'''
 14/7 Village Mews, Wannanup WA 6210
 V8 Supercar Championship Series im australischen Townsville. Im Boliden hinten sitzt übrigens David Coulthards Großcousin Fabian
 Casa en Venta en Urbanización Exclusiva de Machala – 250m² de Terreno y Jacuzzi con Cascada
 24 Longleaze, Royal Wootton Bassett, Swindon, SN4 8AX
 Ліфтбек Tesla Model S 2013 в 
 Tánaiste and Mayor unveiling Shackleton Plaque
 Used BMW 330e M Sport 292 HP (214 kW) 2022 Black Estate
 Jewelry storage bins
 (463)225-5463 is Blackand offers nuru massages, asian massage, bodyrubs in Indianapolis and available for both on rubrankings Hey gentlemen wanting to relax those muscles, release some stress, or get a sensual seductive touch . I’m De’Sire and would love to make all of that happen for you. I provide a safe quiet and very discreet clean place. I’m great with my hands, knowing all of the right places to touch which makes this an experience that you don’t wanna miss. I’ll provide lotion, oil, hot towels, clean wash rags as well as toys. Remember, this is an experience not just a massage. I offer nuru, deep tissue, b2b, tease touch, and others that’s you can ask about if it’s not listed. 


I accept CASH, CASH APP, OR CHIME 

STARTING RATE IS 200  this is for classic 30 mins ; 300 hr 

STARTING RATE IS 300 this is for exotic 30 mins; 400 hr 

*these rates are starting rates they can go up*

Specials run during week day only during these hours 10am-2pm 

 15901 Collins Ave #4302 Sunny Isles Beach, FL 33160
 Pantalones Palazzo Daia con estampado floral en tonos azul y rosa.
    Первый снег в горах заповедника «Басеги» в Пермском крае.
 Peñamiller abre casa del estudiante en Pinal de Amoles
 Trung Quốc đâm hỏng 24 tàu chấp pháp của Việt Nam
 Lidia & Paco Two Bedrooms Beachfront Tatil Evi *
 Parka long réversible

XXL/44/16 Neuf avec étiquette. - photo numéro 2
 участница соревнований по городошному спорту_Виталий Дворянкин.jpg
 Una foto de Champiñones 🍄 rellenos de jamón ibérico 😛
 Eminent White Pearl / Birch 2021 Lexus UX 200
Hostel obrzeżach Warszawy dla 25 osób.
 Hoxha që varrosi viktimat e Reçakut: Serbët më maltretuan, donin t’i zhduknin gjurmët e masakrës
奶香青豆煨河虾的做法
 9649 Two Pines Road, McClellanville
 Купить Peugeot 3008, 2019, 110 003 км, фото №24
'''
TASK DETAILS:
Number only, please: work out how many lines of the listing hold "mins".

YOUR SOLUTION:
2